We’re sniffing and spitting (and let’s face it occasionally foergetting the latter and swallowing as well). There’s a game of noun tennis going on. Bungs are popping, commonalities emerging: the fruit, the oily weight, the light smoke, the grunt and maybe just that saltiness – or is that auto-suggestion? Then Connal pours one. It’s defiantly salty in a jump off the jetty into the loch kind of way. 

We repair to the decaying splendour of Glenborrodale castle. The west coast chat continues. What is it? ‘A whisky made on the west coast!’ says Connal. ‘We tasted all the whiskies from Campbeltown out to the islands – bar Islay. We liked the weight on Springbank and Glen Scotia.. Ben Nevis even, the lighter smoke in Talisker.’

So there’s an element of engneering an idea of ‘west’? 

‘We’ve engineered it to make it as local as possible,’ says Alex, ‘but we’re not trying to mask it, or force chnage on it. I know that if we did exactly the same thing in Fife as we’re doing here it would be a different whisky.’ 

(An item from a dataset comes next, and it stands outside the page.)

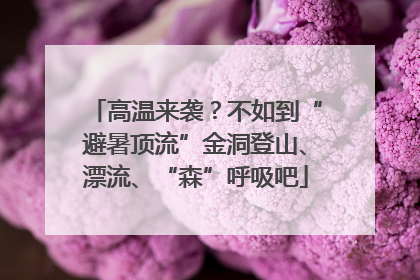 高温来袭？不如到“避暑顶流”金洞登山、漂流、“森”呼吸吧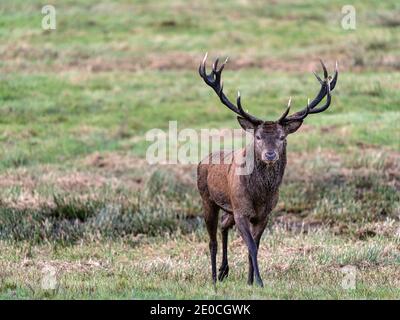 Red Deer, parc national de Killarney, comté de Kerry, Munster, République d'Irlande, Europe Banque D'Images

Aiming at a memory, finding waypoints. Crafting or allowing? Allowing both to exist is the creative tension at work here. 

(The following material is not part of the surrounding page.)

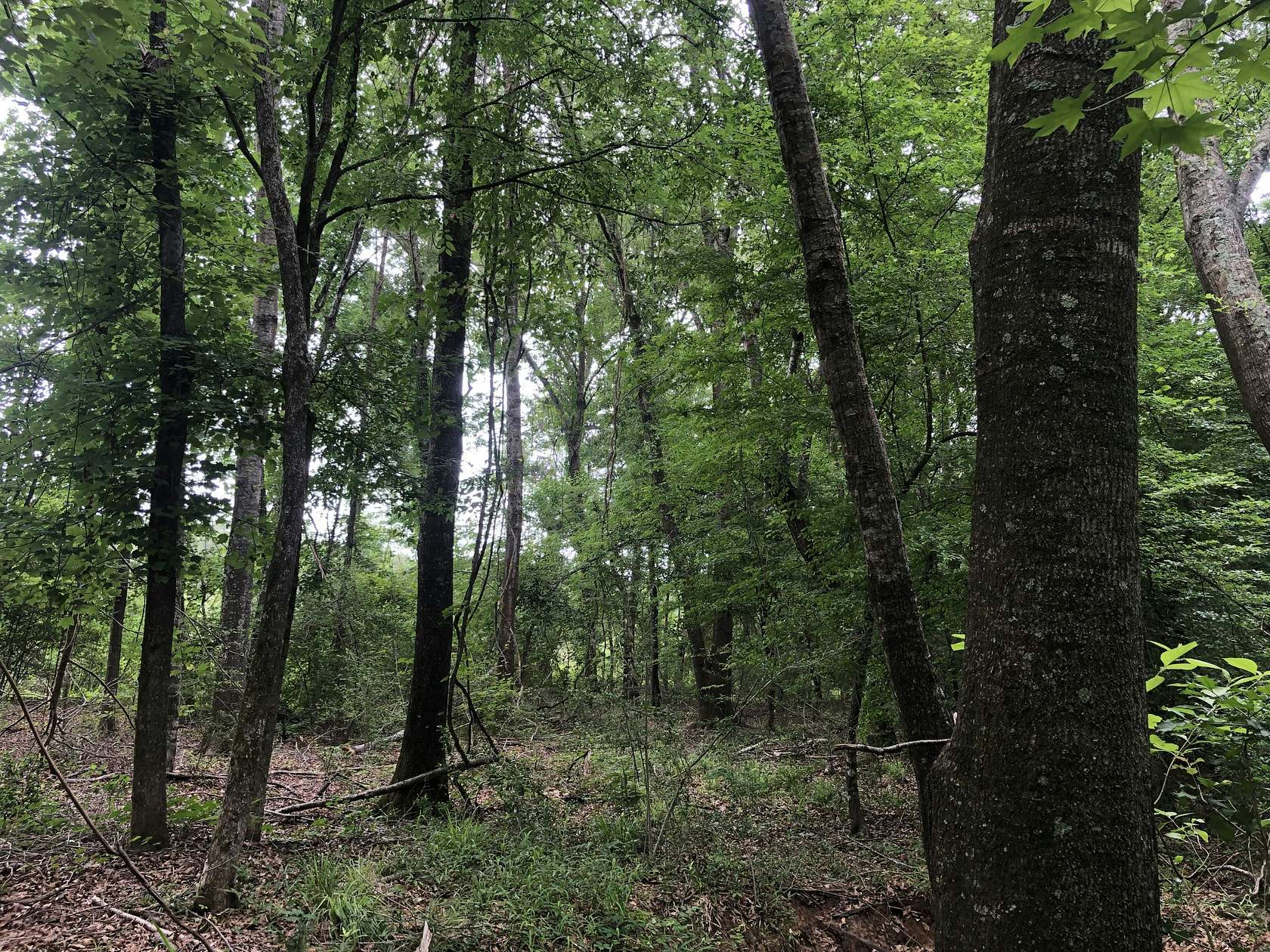 324 Acres of Recreational Land for Sale in Palestine, Texas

They pour the final vatting of the new whisky. An equal split between peated and unpeated, 65% ex-Bourbon, 35% ex-PX/oloroso. There’s fat quince-like fruit, preserrved lemon, oiliness, clam juice, pepper and light smoke … then the maritime lift at the end. [there’s fuller notes here]

It’s taken time. This isn’t a dram rushed the moment the 3rd birthday candles have been blown out. They waited until stocks had been built up ensuring continuity and with the spirit into its next phase of maturity.

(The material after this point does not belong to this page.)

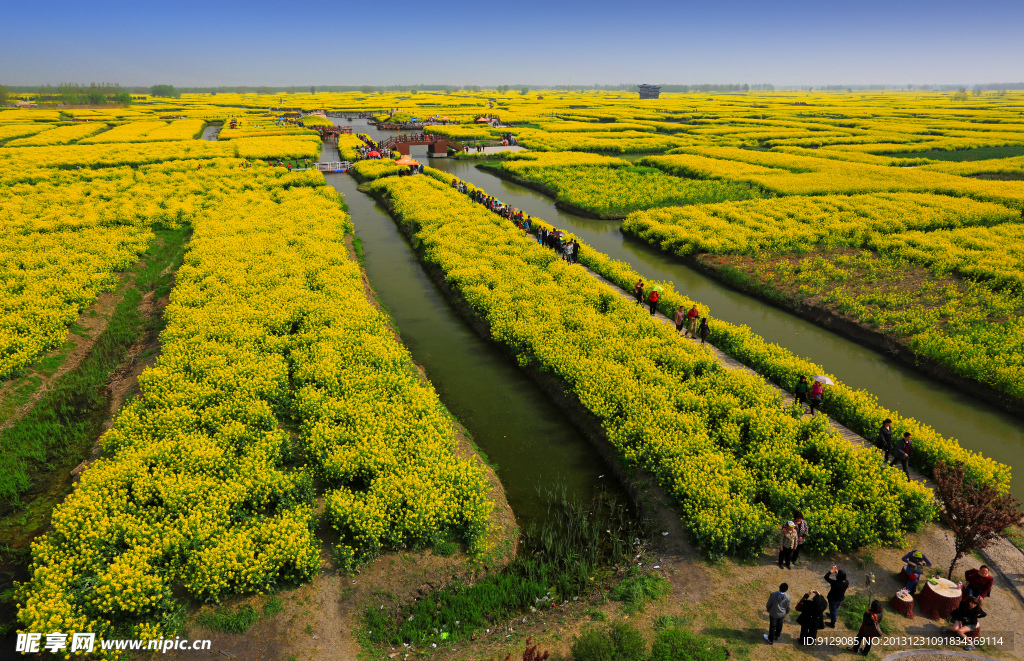 千岛菜花风景区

It’s also ferociously well priced. There’s no playing around with an expensive inaugural bottle that will be flipped and never consumed. 

‘It’s just our whisky,’ says Alex pouring another.

The west coast – what is it? I’m leery about leaping on the regional bandwagon – the distillery is what speaks. The idea that the whiskies from here all taste the same is siply untrue. Ardnamurchan is a westerly malt, but it’s clearly not Nc’nean, so who makes the whisky – the distiller or the place?

The west coast gives markers, waypoints, possibilities. A sense of place is about belonging, community, and wanting to be here. The flavour is incidental. The fact that it is from here is what matters. 

And yet … for all that the analytical mind says don’t be influenced by the location, you can’t ignore the salt, the weight the oils. There are no quince trees here, but there is the sea and it’s here in the glass. Ardnamurchan is about the knotty complexity of the west.

That afternoon we’d trekked up to the water source so that Connal could do arty things with his new drone camera. Alex then told us of a hidden waterfall further down the river. We try to find a way down, sliding down the mossy slope, grabbing birch trees for support.

We can see the torrent but there’s no clear way down. 

Alex ploughs on, heading over what seems a precipice. Connal and I hang back, unsure. ‘Can we make it?’ we shout down to his disappearing head.

‘Er… probably,’ he calls back and goes on. We follow him, making a new path to the foot of the falls. There’s Ardnamurchan for you.